In einem anderen Absatz-Gebiet deutscher Waffen, in Griechenland, sah die Königin von Deutschland und den angeschlossenen Gebieten jüngst ein Wunder keimen: "Die ersten zarten Pflänzchen des Erfolgs sind sichtbar", attestierte die Merkel ihrem Athener Statthalter Samaras bei einem Treffen in Berlin. Der legte ihr auch gleich eine Devotionalie auf die Treppen zum Thron: Ein neues EU-Hilfspaket für Griechenland sei nicht notwendig, versprach er gebeugten Hauptes und seine feuchten, von der Rührung umflorten Augen glänzten treuherzig.

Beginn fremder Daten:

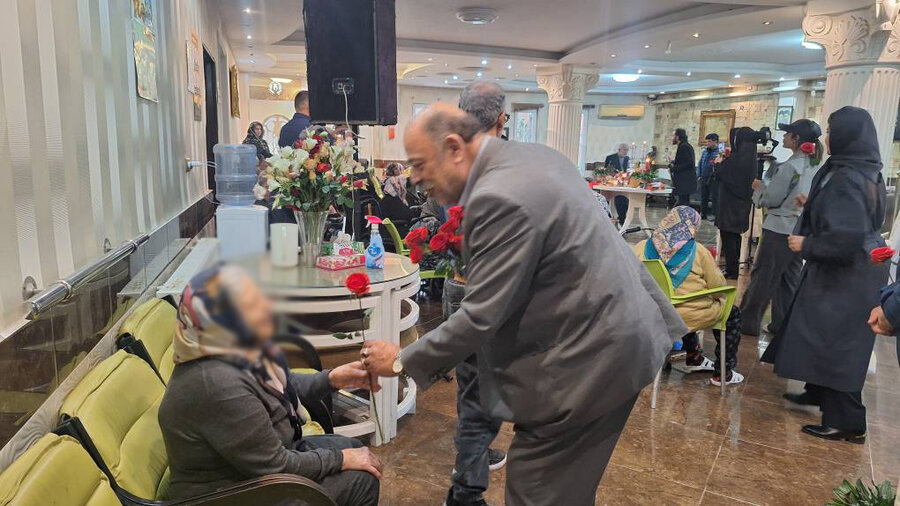 آستانه اشرفیه | برگزاری مراسم گرامیداشت ولادت حضرت فاطمه زهرا (س) و روز مادر در مرکز سالمندان مهر آیین جلالیه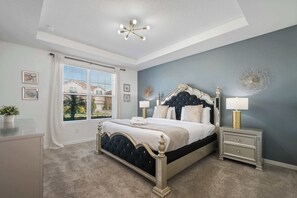 11 bedrooms, iron/ironing board, WiFi, bed sheets - 11BR FamilyHome/Games @ Solara + Resort Access! (Kissimmee)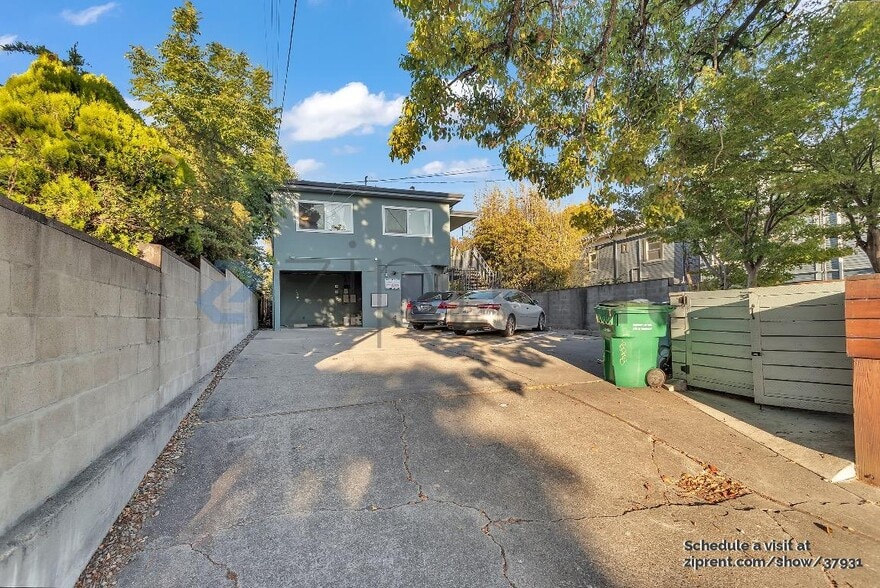 Building Photo - 2123 Spaulding Ave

Hilfe suchte Samaras für sein gebeuteltes Randgebiet auf dem internationalen Kapitalmarkt. Der zeigte dann auch gleich was er von zarten Pflänzchen hält: Mit gigantischen neun Prozent Zinsen für die griechischen Anleihen schlug der Spaten des Marktes erbarmungslos auf die Pflanze ein und Griechenland war mal wieder näher am Staatsbankrott als an der Wurzel der Gesundung. Doch, fast unbemerkt von der Merkel-Medien-Öffentlichkeit, rettete die Europäische Zentralbank erneut griechische Banken. Rund 12 Milliarden Euro flossen aus der Druckerpresse direkt an vier "systemisch wichtige Institute": Die National Bank of Greece, die Piraeus Bank, die Eurobank Ergasias und die Alpha Bank.

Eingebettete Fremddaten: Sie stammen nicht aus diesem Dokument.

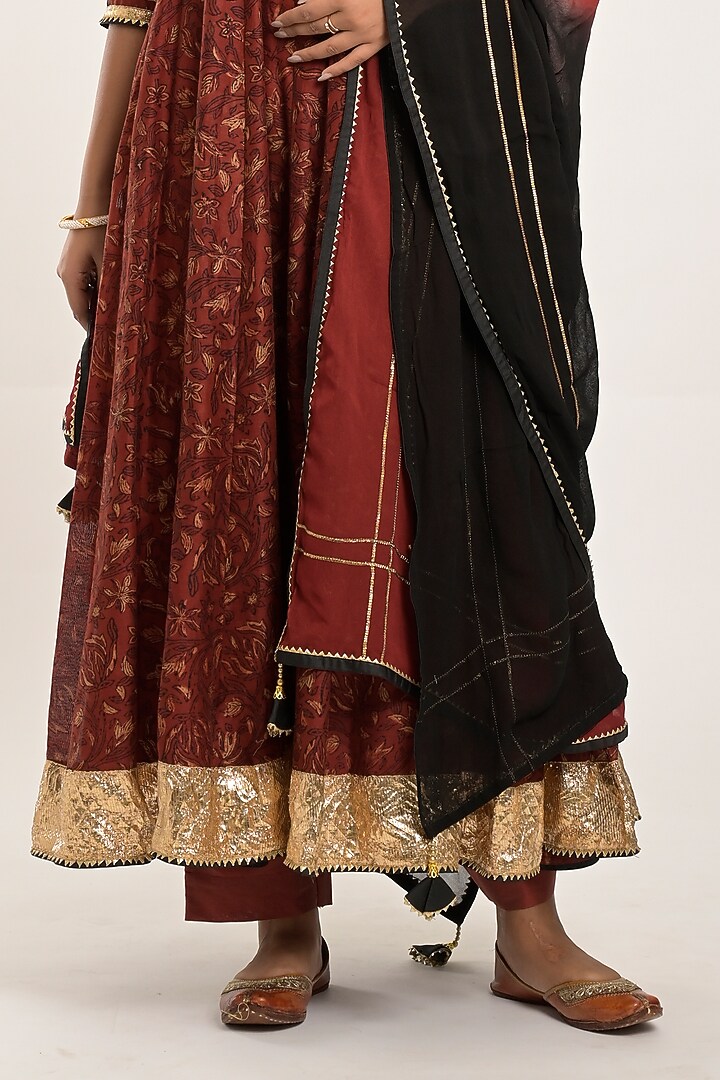 Barn Red Printed Anarkali Set by Jaipuri banno at Pernia's Pop Up Shop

Das Merkel-Reich weiß was es tut wenn es rettet: Nicht die Mehrheit der Griechen, von denen manche hungern, von denen mehr als ein Viertel arbeitslos sind, bei jüngeren Menschen sind es mehr als 60 Prozent. Gerettet werden seit Jahr und Tag Banken, statt Menschen. Denn die königlichen Erlasse besagen, dass mit der Bankenrettung eines fernen Tages auch die Menschen gerettet werden. Und wenn sie nicht gestorben sind, dann hungern sie noch morgen. Auch in anderen Ländern des Reiches ächzen die Satrapen unter den Mühen der Geldbeschaffung. Vorlaut meldete sich der italienische Ministerpräsidenten Matteo Renzi: "Die Finanzkrise kehrt dramatisch an die Finanzmärkte zurück". Ob ihm demnächst noch königliche Gnadenbeweise zuteil werden ist fraglich: Für Wahrheiten werden sie bei der Merkeln nicht erteilt.
Die Uckermärkerin in ihrer Weisheit begegnet dem Rückgang der Wirtschaft mit Sanktionen gegen Russland. Ein interessantes Experiment, das von einer erstaunlichen Rezeptur ausgeht: Wenn ich einen bedeutenden Handelspartner abstrafe, geht es dessen Wirtschaft schlecht, dann kann ich ihm weniger verkaufen, wenn ich weniger verkaufe, dann geht es auch meiner Wirtschaft schlechter, dann wird er schon sehen was er davon hat, der Asiate. Der Hofnarr soll gefordert haben: "Ein Gedanke, ein Königreich für einen Gedanken". Am Hofe hat sich bis heute keiner gemeldet.